In a sternly worded letter sent Friday to Federal Communications Commission Chairman William Kennard, 30 senators called any such bid by a foreign government-owned company "contrary to U.S. law, and inconsistent with our policy to promote competition and maintain a secure communications system for our national security."
The move introduces a new political element to the drama over the future of Sprint, which last year agreed to be acquired by WorldCom Inc. for $129 billion in stock. But the deal has been challenged by U.S. and European antitrust enforcers and is expected to fall apart.
The letter by Democrat Ernest F. Hollings of South Carolina won bipartisan support including Senate Majority Leader Trent Lott of Mississippi and Minority Leader Tom Daschle of South Dakota.
"We are not opposed to foreign investment in U.S. communications forms," the senators wrote. "For example, there was no objections to Vodafone's purchase of AirTouch or France Telecom's holding a noncontrolling 10% interest in Sprint." But they noted that U.S. law bars transfer of FCC licenses to companies that are more than 25%-owned by a foreign government.
In recent years, the FCC has waived some ownership restrictions for World Trade Organization member countries, but the policy hasn't yet been tested by a major U.S. acquisition by a foreign government-owned company.
Mr. Kennard declined to comment on the matter Friday. But an FCC official acknowledged any such deal would get careful scrutiny.
"We're not going to prejudge anything. We would analyze any risk to competition and whether the transaction is in the public interest, just as we would do in any other deal," the official said Saturday.
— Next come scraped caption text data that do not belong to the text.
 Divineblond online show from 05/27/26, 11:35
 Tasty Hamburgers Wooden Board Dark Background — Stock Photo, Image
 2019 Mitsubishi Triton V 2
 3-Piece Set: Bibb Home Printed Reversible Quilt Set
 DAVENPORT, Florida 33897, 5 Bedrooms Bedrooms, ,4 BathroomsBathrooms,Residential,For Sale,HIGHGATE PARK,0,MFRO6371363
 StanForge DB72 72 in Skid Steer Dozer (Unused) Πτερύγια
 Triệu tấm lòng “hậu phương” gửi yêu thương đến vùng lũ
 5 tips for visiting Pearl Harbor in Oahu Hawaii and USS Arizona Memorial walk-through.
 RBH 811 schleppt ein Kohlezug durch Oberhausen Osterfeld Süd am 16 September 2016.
The lawmakers' letter notes that other WTO-member countries also bar foreign government ownership of telecommunications companies. Italy, Spain and Hong Kong already impose restrictions, and "U.S. regulators should be similarly skeptical," the letter said.
Sen. Hollings last week introduced legislation that would forbid the FCC from waiving U.S. ownership restrictions for companies that are more than 25% government-owned, even if that government belongs to a WTO member. In introducing the bill, Sen. Hollings said that Deutsche Telekom "operates from a protected home market," as do the French and Japanese telephone firms, and that these companies would have an unfair advantage in the U.S. market. He also suggested that European regulators acted to protect the interests of government-owned companies. "Government ownership of commercial assets results in significant marketplace distortion," conferring easy access to capital and favorable interest rates, he said.
Deutsche Telekom, which retains monopoly power in its home market, is 59%-owned by the German government. Its executives have made no secret of their interest in a U.S. acquisition, and the company is believed to be the most likely bidder to step forward with a bid for Sprint, in which it already has a 10% stake. One Deutsche Telekom official, who said Sprint was discussed at a management board meeting of the German company last week, called the situation "a new alternative that we hadn't expected would arise."